#NeuralTalkTheano
This project contains Python+numpy+theano source code for learning Multimodal Recurrent Neural Networks that describe images / Videos with sentences. Code structure is derived from the original neuraltalk code relased by Andrej Karpath at https://github.com/karpathy/neuraltalk but the implementations is based on theano and hence can run on GPU's
This code was used in our entry for the LSMDC Challenge and described in the paper "Video captioning with recurrent networks based on frame- and video-level features and visual content classification" (http://arxiv.org/abs/1512.02949)
-
Checkout the code using git
-
Make sure you have theano installed and working. As a quick check "import theano" should work without any errors on a python shell
-
The code expects the data files to be in "data/<dataset_name>" directory. It needs a .json file containing all the training/validation/test samples and we need a .mat feature file containin the CNN image / dense trajectory video features for each sample. Actual images are only needed for visualisation of results and are not needed during training. (For Aalto users sample dataset.json and feature file can be found in /triton/ics/project/imagedb/picsom/databases/COCO/analysis/shettyr1 directory for COCO dataset)
-
Now you have everything you need. You can start the training by running the driver_theano.py file. To see the input options run "python driver_theano.py --help". Sample command is below:
python driver_theano.py -d coco -l 0.404e-3 --decay_rate 0.999 --grad_clip 10.0 --image_encoding_size 600 --word_encoding_size 600 --hidden_size 600 -o cvCoco/layer6/ --fappend c_in14_o6_fc7_d_c --worker_status_output_directory statusCoco --write_checkpoint_ppl_threshold 20 --regc 2.66e-07 --batch_size 64 --eval_period 0.5 --max_epochs 30 --feature_file feat_new_fc7_4096.mat --image_feat_size 4096 --data_file dataset.json --mat_new_ver
-
You can monitor the training using monitor_cv.html. Make sure to point it to the right status file. Instructions from original neuraltalk code given below:
- "The status can be inspected manually by reading the JSON and printing whatever you wish in a second process. In practice I run cross-validations on a cluster, so my
cv/
fold er fills up with a lot of checkpoints that I further filter and inspect with other scripts. I am including my cluster training status visualization utility as well if you like. Run a local webserver (e.g.$ python -m SimpleHTTPServer 8123
) and then openmonitorcv.html
in your browser onhttp://localhost:8123/monitorcv.html
, or whatever the web server tells you the path is. You will have to edit the file to setup the paths properly and point it at the right json files"

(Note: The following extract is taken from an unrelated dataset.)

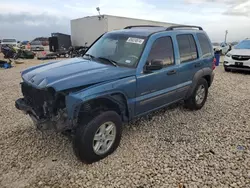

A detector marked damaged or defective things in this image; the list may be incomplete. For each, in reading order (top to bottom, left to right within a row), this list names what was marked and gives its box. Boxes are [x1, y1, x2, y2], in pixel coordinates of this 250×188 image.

- "The status can be inspected manually by reading the JSON and printing whatever you wish in a second process. In practice I run cross-validations on a cluster, so my
-
Once the training is complete ( or even during training) you can use the checkpoint files saved (default in cv/ folder) to evaluate the model on test dataset or use it to predict on arbitrary images.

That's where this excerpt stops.